Forum home Road cycling forum Workshop

Freehub removal Alexrims

andUKandUK Posts: 85
edited January 2018 in Workshop
Set of basic Alexrims road wheels: I bought them as new taken from a Chris Hoy bike, I've done about 2000 miles on them.
I'm wanting to service the freehub, as it's become noticeably noisy.
Tried removing the freehub body retaining bolt using an 11mm allen key with an extension bar. This has resulted in the allen key being rounded off, as the retaining bolt is evidently done up very tight and is twelve-sided, meaning that the allen key has less solid purchase than if the bolt were a conventional six-sided one.
I'd be grateful for any "how to free up the retaining bolt" tips.

Posts

  • It's not clear ifyou have rounded the bolt or the allen key?

    In the unlikely latter case, I suggest you get a better quality tool, tools should be made of harder steel than bolts.

    In the former case, you are in trouble and in need of a mechanical workshop
  • cooldadcooldad Posts: 32,601
    That's weird.

    Never seen a double hex on a bike, ever. An Allen key will work, in theory, but always best to use the right tool.

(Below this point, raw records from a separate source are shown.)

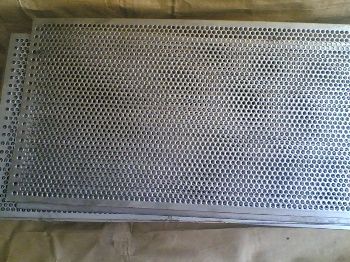 Perforated Plate Screen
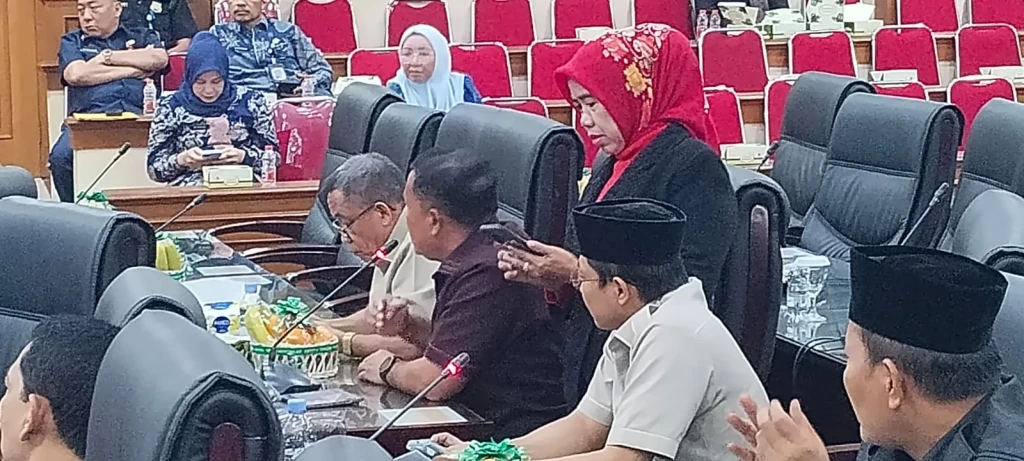 Soroti Tatib dan Kuorum, Tiga Anggota Fraksi PDI-P Tinggalkan Paripurna DPRD Serang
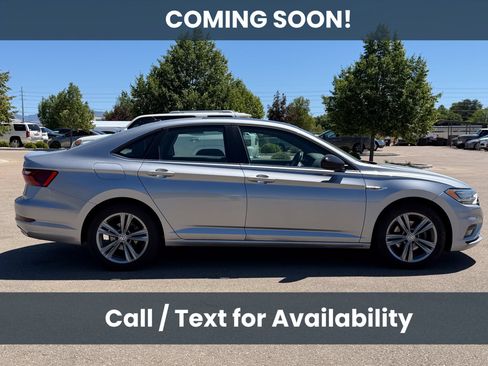 Used 2020 Volkswagen Jetta R-Line w/ R-Line Cold Weather Package FWD image 4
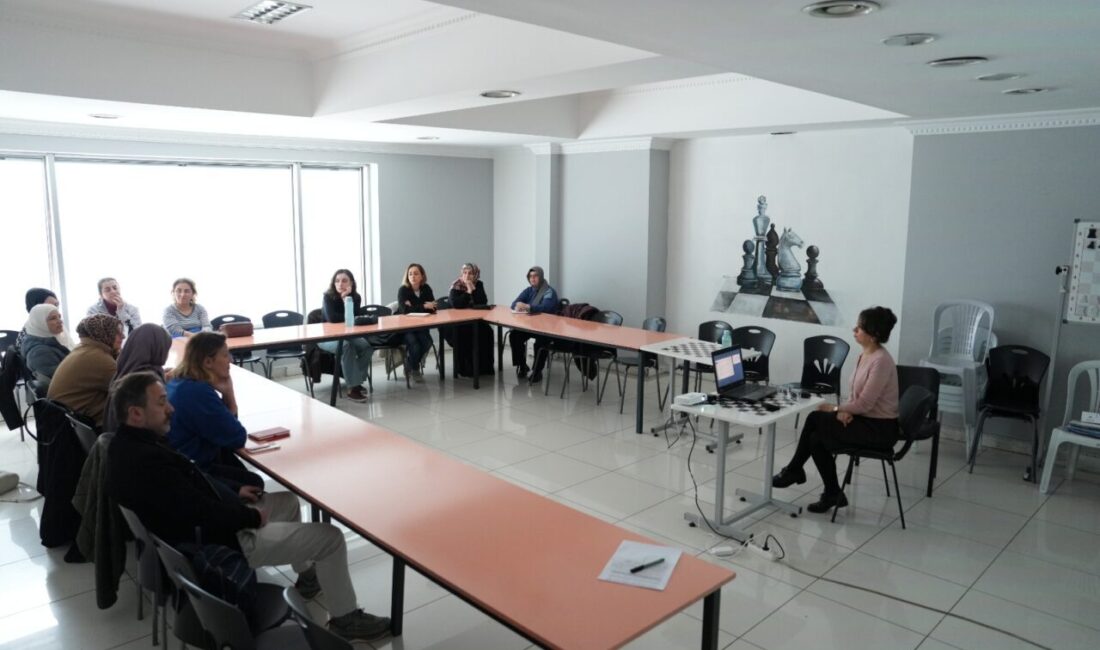 Seminerde sağlıklı bir evlilik için iletişim, empati, saygı, sevgi dili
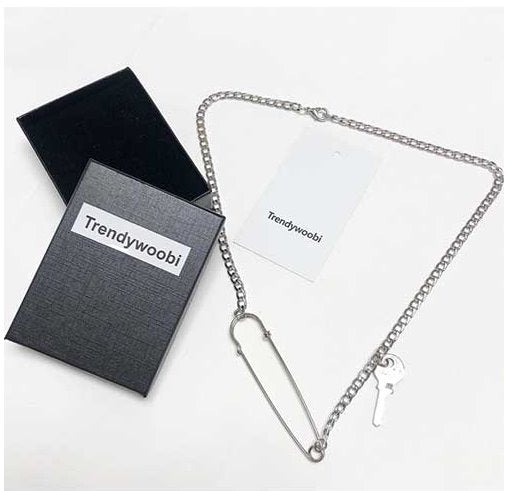 トレンディウビ(Trendywoobi) Pin & Key Necklace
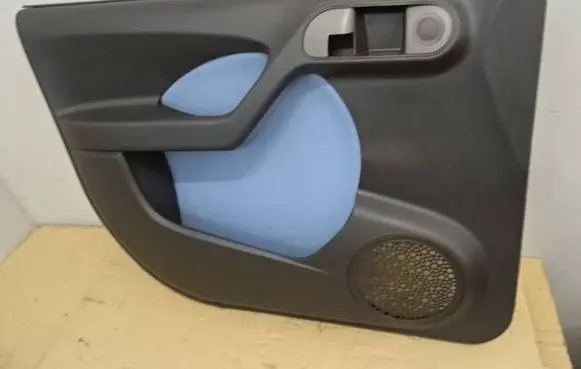 Fiat Panda II Front door card panel trim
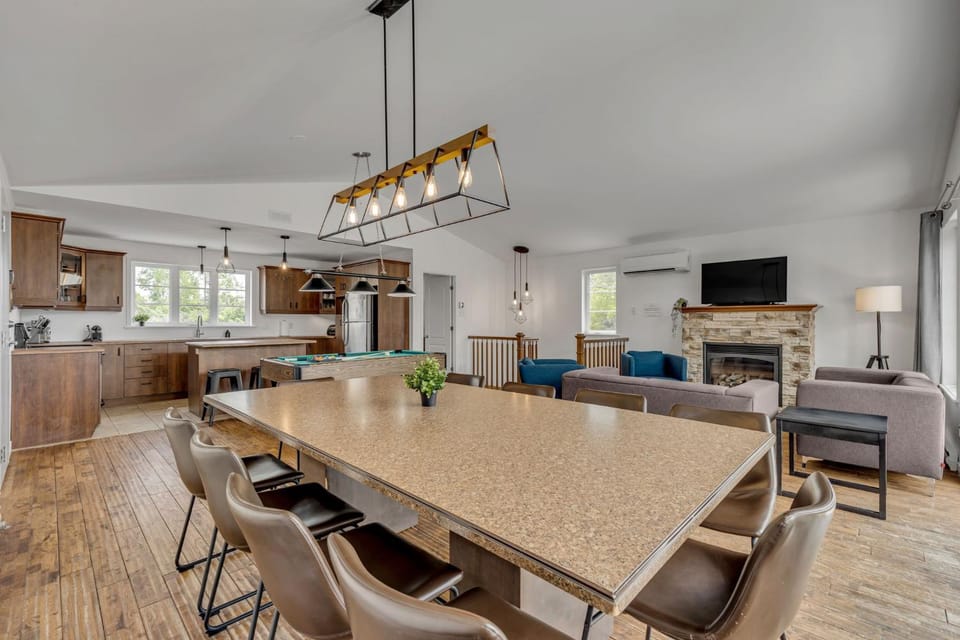 TV and multimedia, Kitchen or kitchenette, Living room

    https://store.snapon.com/Double-Hex-Sta ... 71292.aspx
    I don't do smileys.

    There is no secret ingredient - Kung Fu Panda

    London Calling on Facebook

    Parktools
  • Hi, lots of the shimano freehub bolts have that double helix thing. Maybe it gives more space for the qr. if they were standard six-sided then the flats would project too far into the centre. I can see how you get less purchase from a standard Allen key and might round off a cheap set.
    That snap-on tool or similar looks great so I think you might have to get one.
  • Here’s a similar thing. https://www.athleteshop.co.uk/shimano-f ... gL-A_D_BwE
    I did not realise it was called a double helix, thanks for info.
  • cooldadcooldad Posts: 32,601
    Hi, lots of the shimano freehub bolts have that double helix thing. Maybe it gives more space for the qr. if they were standard six-sided then the flats would project too far into the centre. I can see how you get less purchase from a standard Allen key and might round off a cheap set.
    That snap-on tool or similar looks great so I think you might have to get one.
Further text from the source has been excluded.